When the conversation with my mom is over, I sit down to focus on preparing my annual tax documents…with the floors half-swept, the laundry half-put away, and the wedding RSVP card unsigned on the counter.

Then the feeling of overwhelm increases with a newfound urgency, because I have started and half-completed a host of tasks.

The chaos of that scene is just an example of what so many of us do every day. We are often in such a rush to get things done, focusing on the end result of having things done that we lose sight of the process.

This lack of presence leads to a much higher chance that tasks will be done incompletely or errantly.

If I am not paying attention to sweeping, I can easily miss an area of the floor, or accidentally sweep up something that isn’t trash and have that be lost for good. This inevitably leads to greater problems down the road, because I’ll be accountable for a potentially preventable mistake that I made.
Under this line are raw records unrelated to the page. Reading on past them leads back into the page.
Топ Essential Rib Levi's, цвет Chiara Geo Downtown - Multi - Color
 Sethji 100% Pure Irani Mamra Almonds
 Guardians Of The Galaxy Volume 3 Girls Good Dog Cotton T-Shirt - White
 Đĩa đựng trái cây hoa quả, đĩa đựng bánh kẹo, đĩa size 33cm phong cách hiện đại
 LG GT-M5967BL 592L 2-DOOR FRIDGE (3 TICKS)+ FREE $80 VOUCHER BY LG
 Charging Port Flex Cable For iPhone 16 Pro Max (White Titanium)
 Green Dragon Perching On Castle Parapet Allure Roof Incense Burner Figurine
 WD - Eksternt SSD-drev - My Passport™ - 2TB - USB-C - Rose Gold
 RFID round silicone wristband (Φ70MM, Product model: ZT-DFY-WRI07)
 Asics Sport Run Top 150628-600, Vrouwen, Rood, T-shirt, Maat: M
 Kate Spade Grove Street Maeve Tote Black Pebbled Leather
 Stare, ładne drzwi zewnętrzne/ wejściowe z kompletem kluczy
I am not alone in getting great satisfaction in crossing something off my to-do list. Yet that satisfaction is fleeting, as the newest top priority is now staring me in the face, and the pressure to complete that task immediately evident.

So the cycle continues.


What if I approached that same list in a more mindful way?

I call my mom and sit down as we speak. In a mindful phone call, I can relate far better with her. I hear what she is saying, and am able to respond.

On some level, it’s clear to her that I am listening to her and responding with presence. The benefit for her, and for our relationship, is immeasurable.

After I get off the phone, I turn to sweep. As this is the only task I am working on. I am very mindful about where the broom is going, what areas of the floor I have gotten and haven’t.

Focusing only on sweeping, I’m free to notice my wife’s missing earring on the floor. I find a natural rhythm with the broom and enjoy the process.

The process of being mindful is applicable to any task. When performing a task, make that the only thing you are doing.

How Are You Spending Your Life?

Completing these tasks is going to take a certain amount of time regardless. I can choose to rush through four things simultaneously, doing them all with divided attention, stressing along the way, for that momentary satisfaction of crossing them off my list.

Of the finite amount of time I am here on this earth, in this case I am choosing to spend a portion of it in stress completing the task for that momentary satisfaction of having completed it.

Instead, if I approach my tasks with mindfulness and bring presence to what I’m doing, my time on earth is suddenly more enjoyable and far less stressful. On top of this, I still have the satisfaction of crossing the item off my to-do list.

I invite you to consider how you’re approaching the things that you have to do. Can you bring a sense of mindfulness to them?

Start with the very next task you are going to complete, whether it’s reading an article, eating a meal, or walking to your car. What does it feel like to do only that task?